As in the case of other nations, the first Greek-speaking Jews that desired to emphasize their origin while accepting the all-pervading Greek culture, wished primarily to convey to Greeks the facts of their history and institutions. The Septuagint, at least the Pentateuch, was probably written in the early part of the third century B.C.E., and although primarily intended for Jews, no doubt came within the knowledge of Greeks as well. But its purpose was utilitarian. The Greek-speaking synagogues absolutely needed it. If others were to be acquainted with the history of the Jews, some other means had to be devised.
About 225 B.C.E., an Egyptian Jew named Demetrius wrote the history of his people in Greek. Unfortunately we have only such fragments of his work as Eusebius, the church historian, and Josephus have chosen to quote; but what we have, permits the conjecture that he wrote in a concise and simple style, without oratorical embellishment, and obviously without apologetic motives. It seems to have been a sober and dignified narrative, the loss of which is a serious gap in our records.[119]
The name of this man, Demetrius, is not without significance. It contains the name of a Greek deity, Demeter, so that religious precisians might find in it an honor—even if only a verbal one—to the Abomination. But Alexandrian Jews were not likely to be religious precisians, and we may readily suppose that these names, attrited by constant use, did not immediately convey the suggestion of being theophoric. In 238 B.C.E., an Arsinoite slave is named Apollonius or Jonathas, and about the same time a Jewess is found with the name of Heraclea.[120]

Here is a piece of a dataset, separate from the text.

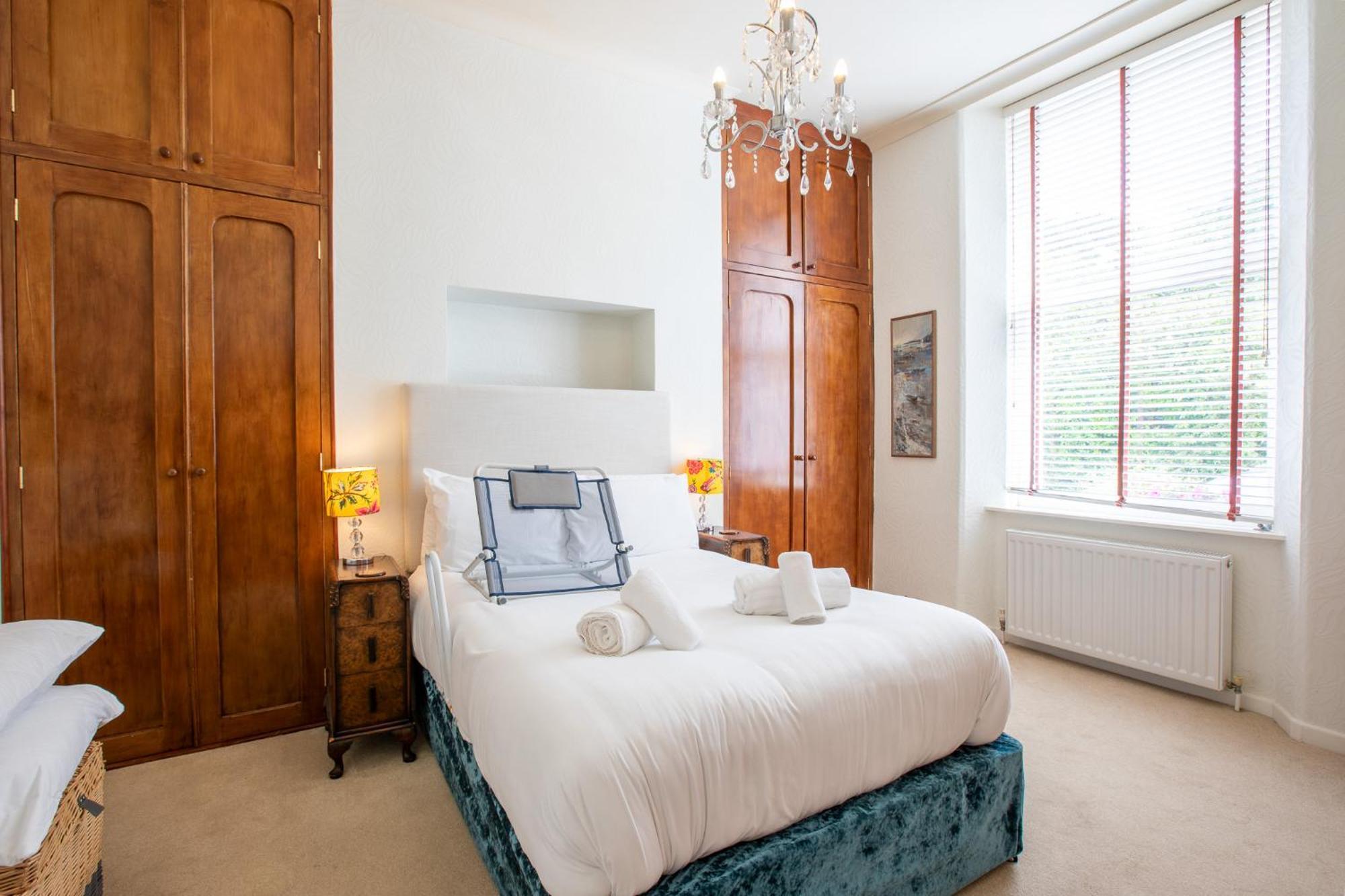 Apartment Stunning In Victorian With Garden Torquay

In the case of Demetrius it was rather the redoubtable Besieger than the goddess that was honored, just as the very first Jew whom we know by a Greek name, Antigonus of Socho, is probably named after Demetrius’ father, the one of Alexander’s officers who became so nearly a real Successor. It is to be noted that Antigonus of Socho is one of the earliest doctors of the law, whose fine saying is recorded in Abot i.,[121] and, although we know no Hebrew name for him, there can be no question here of Hellenizing or partly Hellenizing tendencies.
Otherwise Jews in adopting Greek names were prone to translate them approximately. The common Jonathan and Nathaniel became Theodotus, Dositheus, Theodorus, and the like. Phoenicians had long done the same, but there would be of course no difficulty in the case of the latter if they chose to turn Meherbal into Diodorus. That the Jews were scarcely more scrupulous in this matter is a little surprising. It fits in well however with the conclusion that friction in unessentials was rather avoided than invited by the average Jew.[122]

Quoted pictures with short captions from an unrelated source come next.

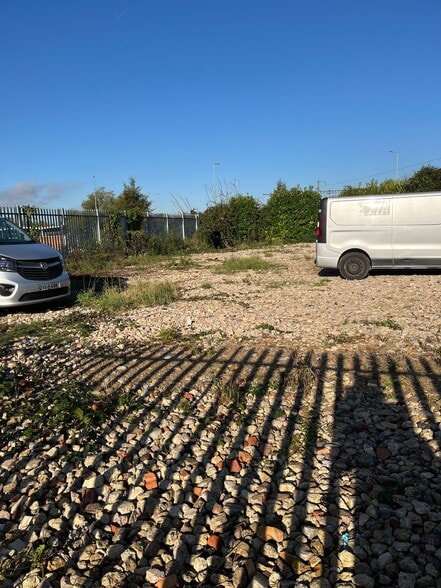 Land in Didcot for lease - Building Photo - Image 2 of 3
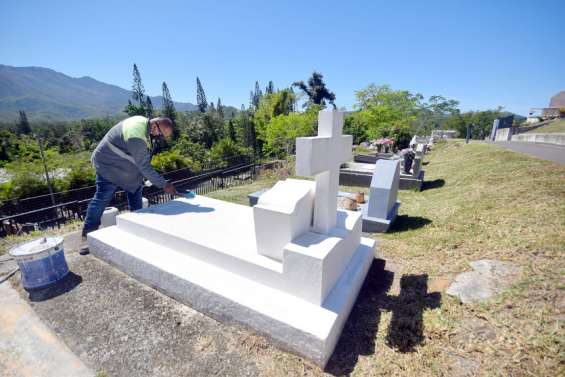 Pas de nettoyage de printemps avant la Toussaint dans les cimetières de Nouméa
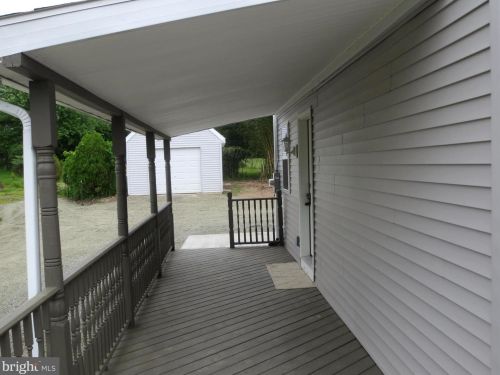 1547 Farmington Ave, Pottstown PA 19464-1401 exterior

The conflict that was preparing itself in Palestine was not one between Greek and Jew, but between Hellenizing and reactionary elements among the Jews themselves. And the term reactionary is chosen advisedly. In the many centuries that had witnessed the slow spread of Hellenism, and the hundred years or so in which that progress had been immensely accelerated by the political domination of Greeks, a resistance was also preparing itself. In the early years of the movement, before and after Alexander, the numbers affected had been too few to justify active opposition. But the number became constantly greater, and the imminence of a real peril became vividly present to thinking men. The method of opposition was at once indicated. It could be only a conscious restoration of such national institutions as had lapsed into comparative disuse, a recultivation of ancient national practices, and a more intense and active occupation with the traditional sacred literature.
In just this way opposition to the orientalizing of the imperial religion produced the reactionary reforms of Augustus, and much later opposition to an excessive clerical interference with life expressed itself in the very real paganism of the Italian Renaissance. In all these instances the attempt was deliberately made to rebuild with material still present, even if largely discarded, a structure that had fallen into ruins. The success of such movements depends wholly on the amount of material still present. If it has to be painfully gathered and swept together from forgotten corners, success is more than problematic. The Jewish reactionaries were fortunate in that the ancient institutions still held their ground, and in having no huge gap of disuse to fill.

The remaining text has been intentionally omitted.